- Born: 1636 Hutton, England
- Died: 9 December 1666 (aged 29–30) Whitby, England

= Dorothy Waugh =

Dorothy Waugh (1636 – 9 December 1666) was an English Quaker preacher who was twice a missionary to North America. She wrote a rare account of the use of a Scold's bridle during one of her many imprisonments.

== Life ==
Waugh was born in Hutton in the Lake District in about 1636. She worked as a maid for the Quaker John Camm and that may have been where she decided to join the Friends. She became a preacher which involved a lot of travelling and imprisonment. One of her early visits must have been Kendal as she was under arrest there in 1653. In the following year she spent four months imprisoned in Norwich. In 1655 she was in Cornwall, Buckinghamshire and notably in Carlisle.The Carlisle courts heard that she was spreading the word on "ungodly practices" and the mayor was concerned that she might affect the town. Waugh could write and she published an account of her treatment in Carlisle which includes a rare account of a Scold's bridle being used.

The Quakers arrived in New England in 1656. Waugh travelled there on board the Speedwell; she was about twenty and about the same age as a fellow traveler Sarah Gibbons. They set out from Gravesend in Kent and they arrived in September. The other Quakers included William Brend, John Copeland, Christopher Holder, Mary Prince, Thomas Thrifton, Mary Weatherhead, and Sarah Gibbons. Their names were marked with a letter "Q" and they were arrested and interrogated. The colony kept them prisoners for eleven weeks as the magistrates were worried about their influence on the other colonists. They were banished from the colony.
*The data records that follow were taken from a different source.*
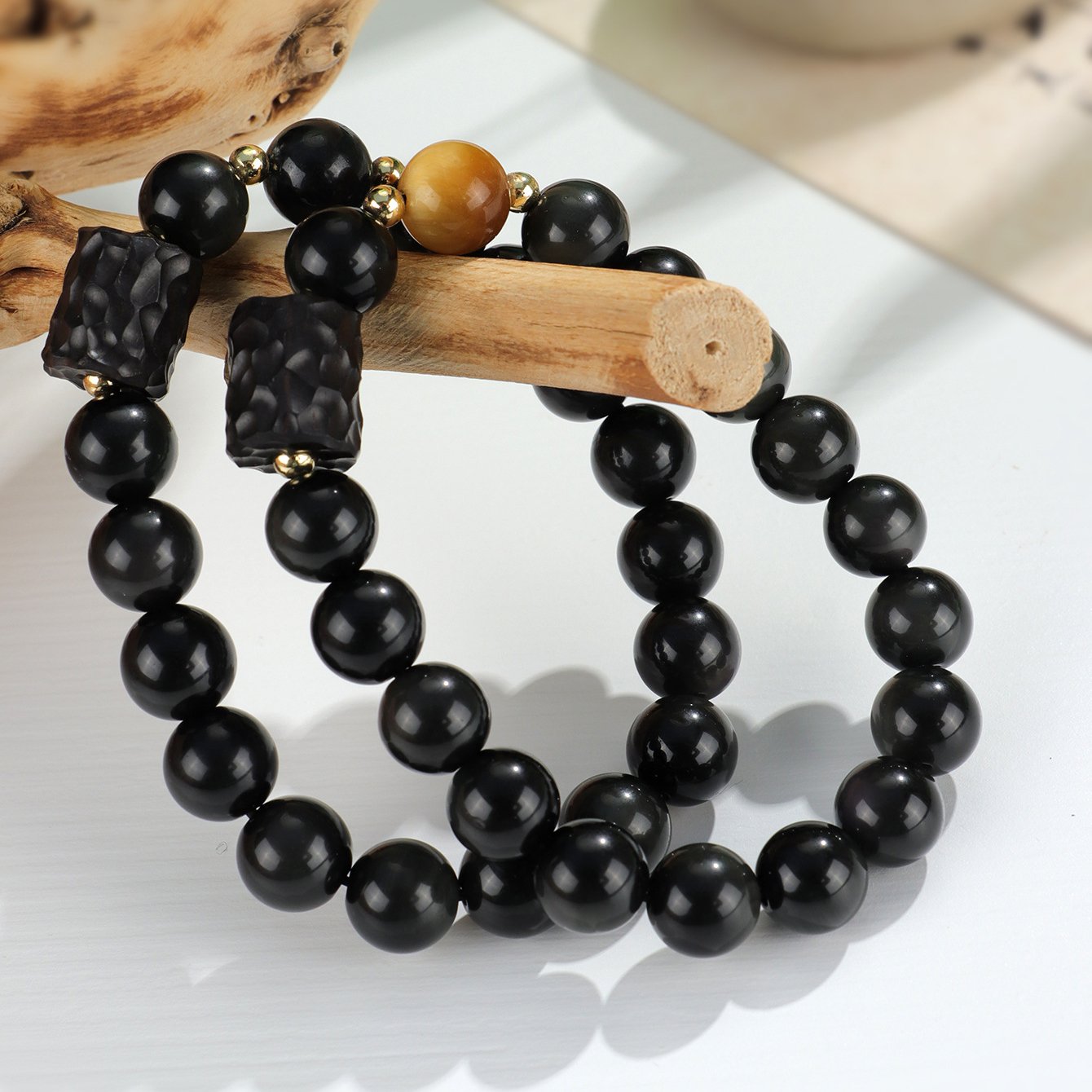 Personalized Obsidian and Yellow Tiger’s Eye Beaded Bracelet - taoistcrystal.com Personalized Obsidian and Yellow Tiger’s Eye Beaded Bracelet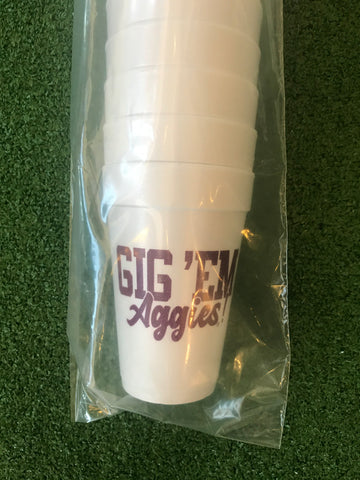 Spirit Cups - Tex A&M Gig ‘em Aggies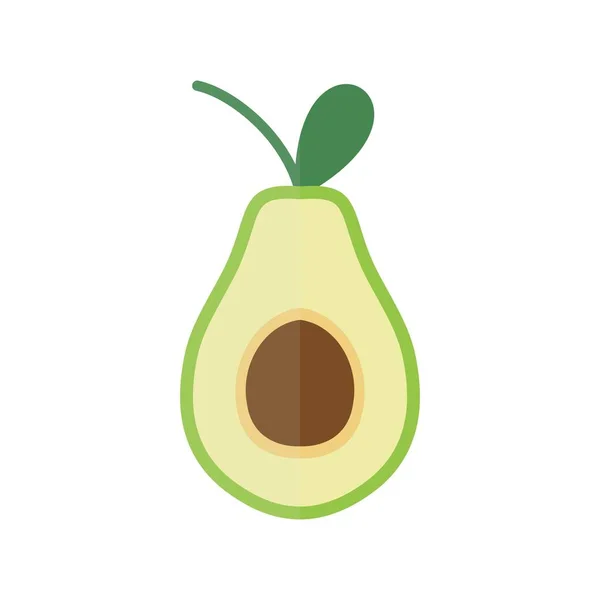 Avocado Flat Light Vector Icon Desig - Stok Vektor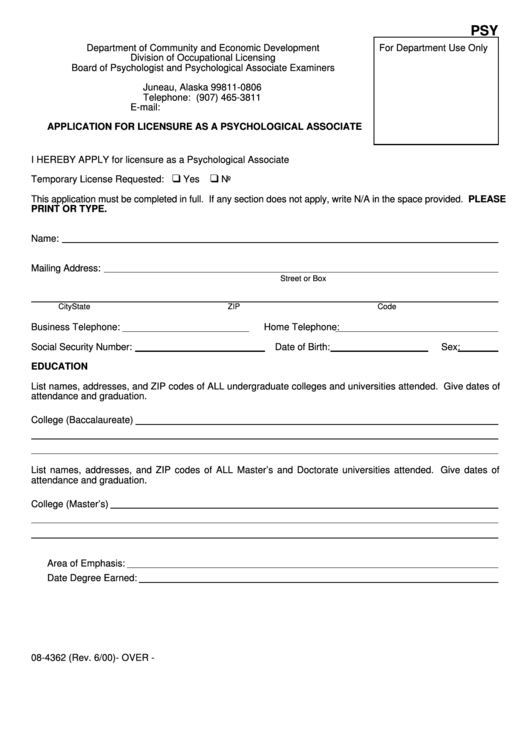 Form 084362 Application For Licensure As A Psychological Associate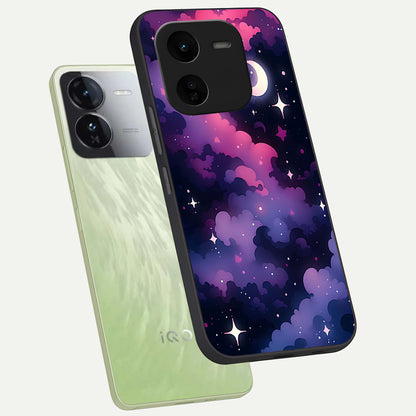  Celestial Moon Magic phone case For iQOO Z9x 5G showing premium glass back cover with detailed artwork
In the following year Gibbons was among those who returned on the smaller ship Woodhouse. Five were set ashore at the Dutch plantation of what was then called New Amsterdam (New York); they were Robert Hodgson, Richard Doudney, Sarah Gibbons, Mary Weatherhead, and Dorothy Waugh.

After she returned from North America she was advocating celibacy within marriage so it is presumed that she married William Lotherington at about this time. By 1664 they are thought to have been living in Whitby where two of their children are thought to have been born. Waugh is believed to have died in Whitby on 9 December 1666 but no further details are known. Her husband outlived her probably dying in Whitby in 1674.